» **Task description**
Go over the data and keep only the lines that include "Black".

▼

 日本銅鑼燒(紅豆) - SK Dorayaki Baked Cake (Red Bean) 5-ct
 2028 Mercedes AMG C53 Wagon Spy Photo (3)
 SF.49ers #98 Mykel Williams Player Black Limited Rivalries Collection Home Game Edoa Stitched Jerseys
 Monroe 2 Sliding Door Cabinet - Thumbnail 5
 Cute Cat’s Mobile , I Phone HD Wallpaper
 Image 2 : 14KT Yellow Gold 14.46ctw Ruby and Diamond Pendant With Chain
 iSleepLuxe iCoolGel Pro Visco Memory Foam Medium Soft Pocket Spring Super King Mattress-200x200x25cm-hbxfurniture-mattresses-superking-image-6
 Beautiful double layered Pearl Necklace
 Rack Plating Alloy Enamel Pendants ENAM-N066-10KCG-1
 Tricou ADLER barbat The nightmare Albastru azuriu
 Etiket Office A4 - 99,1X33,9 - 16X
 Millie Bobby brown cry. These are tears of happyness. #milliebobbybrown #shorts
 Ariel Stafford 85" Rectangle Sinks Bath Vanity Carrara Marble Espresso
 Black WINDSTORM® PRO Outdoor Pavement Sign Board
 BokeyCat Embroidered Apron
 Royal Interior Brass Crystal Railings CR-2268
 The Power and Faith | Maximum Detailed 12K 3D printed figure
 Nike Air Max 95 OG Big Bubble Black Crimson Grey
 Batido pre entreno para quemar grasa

▲

» **Solution to this task**
 SF.49ers #98 Mykel Williams Player Black Limited Rivalries Collection Home Game Edoa Stitched Jerseys
 Black WINDSTORM® PRO Outdoor Pavement Sign Board
 Nike Air Max 95 OG Big Bubble Black Crimson Grey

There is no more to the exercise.